Today’s film audiences have seen amoral protagonists, corrupt world outlooks, and endings where justice is not served, but times were different when Double Indemnity premiered 80 years ago. “The 1940s were not a cynical age, but this film was more cutting-edge than anything produced at that time,” says Ursini. “It cynically plays into the idea of the American Dream. She wants money; he wants women and money.” But by the closing credits, neither gets their desire.

Double Indemnity became a hit, but it was not without its critics. Singer Kate Smith launched a public campaign urging audiences to stay away from the film on moral grounds. In many ways, Double Indemnity was a product of changing times. “Veterans were coming home from the war, having experienced the trauma of war,” says Ursini, explaining that this ugliness made audiences more receptive to flawed heroes and cynical storylines.

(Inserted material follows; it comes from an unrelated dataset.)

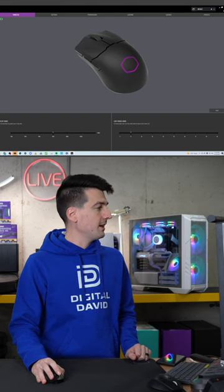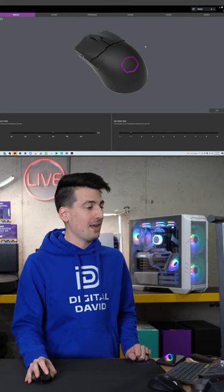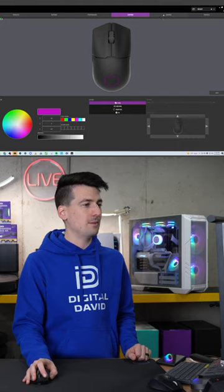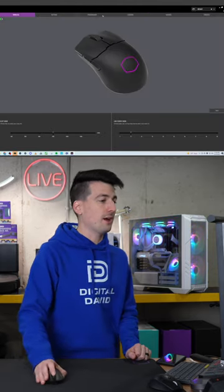So we're in the Master Plus software right here. This is going to be your main page where we can browse all of these different tabs to really customize and configure our mouse.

Change, however, never happens in a flash. Although Double Indemnity was nominated for seven Oscars, including Best Picture, Best Director and Best Actress for Barbara, it went home empty-handed after the musical comedy Going My Way enjoyed a winning streak. Double Indemnity would, however, become highly influential to future generations of filmmakers and movie lovers. “It opened the floodgates,” says Ursini. “Film noir continued to be revised throughout the next generations. That’s part of the reason that Double Indemnity lives on.”